China has expressed its full support for Sri Lanka’s foreign debt restructuring process after conducting a thorough review.
The Secretary of the Ministry of Finance, Mahinda Siriwardena, is scheduled to visit Beijing soon to discuss the matter further, as reported by the Daily Mirror.
As Sri Lanka’s largest bilateral creditor, China’s Exim Bank is owed $2.83 billion by the country, as of the end of 2020. Calculations by the China Africa Research Initiative indicate that Sri Lanka’s total debt to China through bilateral credit agreements is projected to reach $7.4 billion by the end of 2022. The Chinese government has authorized EXIM Bank to engage with Sri Lankan authorities regarding debt restructuring.
Japan, India, and France, being other major creditors, have announced a joint platform to facilitate discussions among bilateral creditors to coordinate debt restructuring efforts in Sri Lanka.
During his recent visit to China, Foreign Minister Ali Sabri held talks with EXIM Bank Chairman Wu Fulin, during which Chinese authorities reportedly provided an effective guarantee for debt restructuring, as per the Daily Mirror’s sources.

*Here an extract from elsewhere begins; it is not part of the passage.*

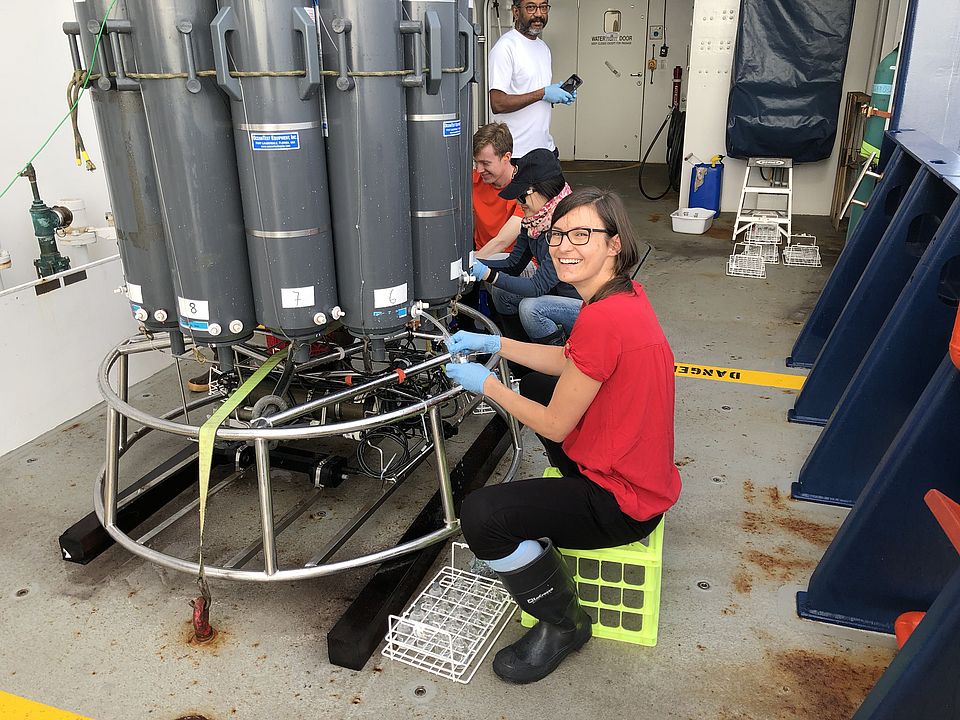 Claudia Frey collects water into serum bottles from the CTD rosette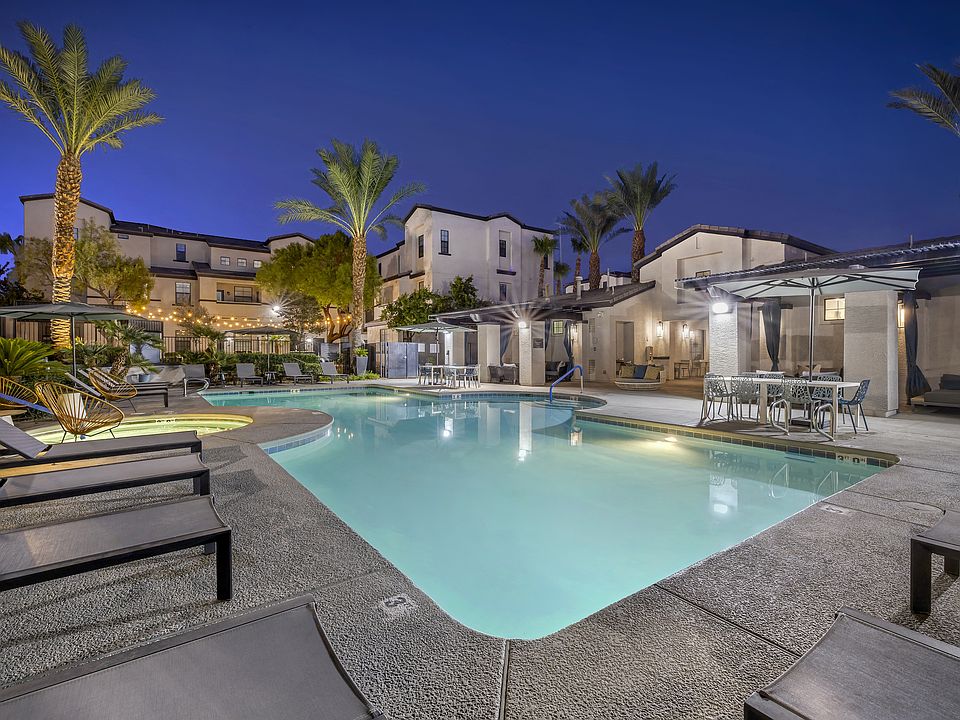 As the sun sets and twilight takes over, the pool transforms into a serene oasis, with ambient lighting enhancing the luxurious feel of the surroundings.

China will also monitor the ongoing discussions between Japan, India, and France regarding Sri Lanka’s debt restructuring process.
The Sri Lankan government has assured that all creditors will be treated equally. The Daily Mirror, citing insider information, reports that the finance ministry secretary will soon travel to China to make arrangements for debt restructuring. It is expected that an acceptable solution will be reached, and China will enter into a bilateral agreement with Sri Lanka for debt restructuring.
Furthermore, Sri Lanka’s parliament has approved the government’s Domestic Debt Restructuring (DDR) program on Saturday, adding to the measures being taken to address the country’s debt challenges.